Understanding Inference Time Compute: Self-Improvement and Scaling

Sun 4 May 7 p.m. PDT

Inference-time compute has emerged as a new axis for scaling large language models, leading to breakthroughs in AI reasoning. Broadly speaking, inference-time compute methods involve allowing the language model to interact with a verifier to search for desirable, high-quality, or correct responses. While recent breakthroughs involve using a ground-truth verifier of correctness, it is also possible to invoke the language model itself or an otherwise learned model as verifiers. These latter protocols raise the possibility of self-improvement, whereby the AI system evaluates and refines its own generations to achieve higher performance.

This talk presents new understanding of and new algorithms for language model self-improvement. The first part of the talk focuses on a new perspective on self-improvement that we refer to as sharpening, whereby we "sharpen" the model toward one placing large probability mass on high-quality sequence, as measured by the language model itself. We show how the sharpening process can be done purely at inference time or amortized into the model via post-training, thereby avoiding expensive inference-time computation. In the second part of the talk, we consider the more general setting of a learned reward model, show that the performance of naive-but-widely-used inference-time compute strategies does not improve monotonically with compute, and develop a new compute-monotone algorithm with optimal statistical performance.

Based on joint works with Audrey Huang, Dhruv Rohatgi, Adam Block, Qinghua Liu, Jordan T. Ash, Cyril Zhang, Max Simchowitz, Dylan J. Foster and Nan Jiang.

Akshay Krishnamurthy

Akshay is a senior principal research manager at Microsoft Research, New York City.

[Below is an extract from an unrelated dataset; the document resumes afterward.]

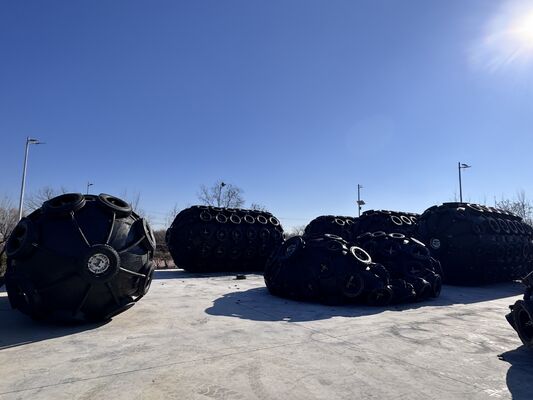 Kwaliteit Customized ISO17357 Pneumatic Rubber Fender 0.3-4.8 M for Marine Applications fabriek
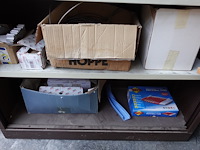 Metalen dossierkast + inhoud - afbeelding 5 van  5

Previously, he spent two years as an assistant professor in the College of Information and Computer Sciences at the University of Massachusetts, Amherst and a year as a postdoctoral researcher at Microsoft Research, NYC. Before that, he completed my PhD in the Computer Science Department at Carnegie Mellon University, advised by Aarti Singh. He received his undergraduate degree in EECS at UC Berkeley.